What if the field is infinite?
Yes. An $n$-th root of $a$ is some solution of $x^n = a$. The field could be finite or infinite.
An $n$-th root of $1$ is some solution of $x^n=1$. For example, it could be $1$. There is no implicit meaning that an $n$-th root of $1$ actually has order $n$. An $n$-th root of $-1$ need not have order $2n$. For example, a $3$rd root of $-1$ is the name for a solution of $x^3 = -1$. One such solution is $-1$, which in characteristic not $2$ has order $2$, not $2n = 6$.
Supplementing the other answers somewhat because the OP's comment to KCd's answer brought up the need for this.
We can say a bit more!
Undoubtedly you have seen the following result when studying cyclic groups.
Fact 1. If $c$ has order $n$, then the order of $c^k$ is given by the formula $$\operatorname{ord}(c^k)=\frac{n}{\gcd(n,k)}.$$
This leads to the following (I have used it many times when answering a question about finite fields).
Fact 2. Assume that $p$ is a prime, $x^p=a$, and that $k=\operatorname{ord}(a)$ is divisible by $p$. Then $$\operatorname{ord}(x)=pk.$$
Proof.
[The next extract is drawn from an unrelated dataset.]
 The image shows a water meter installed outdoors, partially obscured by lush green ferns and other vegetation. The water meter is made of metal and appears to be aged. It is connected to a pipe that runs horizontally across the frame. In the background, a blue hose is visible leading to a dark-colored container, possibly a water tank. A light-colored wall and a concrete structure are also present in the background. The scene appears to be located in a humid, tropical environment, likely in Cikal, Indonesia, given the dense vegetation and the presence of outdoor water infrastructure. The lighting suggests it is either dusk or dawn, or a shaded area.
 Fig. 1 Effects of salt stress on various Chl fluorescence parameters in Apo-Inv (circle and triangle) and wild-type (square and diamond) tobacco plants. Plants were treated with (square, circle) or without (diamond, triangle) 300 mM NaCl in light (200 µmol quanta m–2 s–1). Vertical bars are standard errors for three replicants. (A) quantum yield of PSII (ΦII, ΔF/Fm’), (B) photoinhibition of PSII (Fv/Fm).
Let $m=\operatorname{ord}(x)$. The first fact tells us that $$ k=\frac{m}{\gcd(m,p)}. $$ Because $p$ is a prime that $\gcd$ is either $1$ or $p$, so we have either $k=m$ or $k=m/p$. Or, equivalently $m=k$ or $m=pk$. But, $p\mid k$, so $$ x^k=(x^p)^{k/p}=a^{k/p}\neq1. $$ Therefore $m\neq k$, so $m=pk$. QED.
Example. If $K$ is a field of characteristic $\neq2$ (so that $-1\neq1$), and $a^2=-1$, then $a$ has order $4$.
So the first fact always constrains the orders of roots of an element of a known order. We similarly see that a cubic root of an element of order $9$ has order $3\cdot9=27$. But, a cubic root of an element of order $8$ has order either $8$ or $24$. In fact, both possibilities occur as you can easily verify in the field of complex numbers. Cubing permutes the solutions of $z^8=1$, so one cubic root of an element of order eight also has order eight.
Let $F$ be a field. Let $a \in F$. Let $n \in \Bbb N$.
We say that $F$ has an nth root of $a$ if there is $x \in F$ such that $x^n = a$ (we do not require it to be in the multiplicative group).
If $a = -1$ and $F$ is not of characteristic $2$, then if $x^n = -1$ then we know that the order of $x$ divides $2n$. It does not mean that $x$ has order $2n$ (e.g. $x=-1$, $n=3$).
It does not matter if the field is finite or infinite.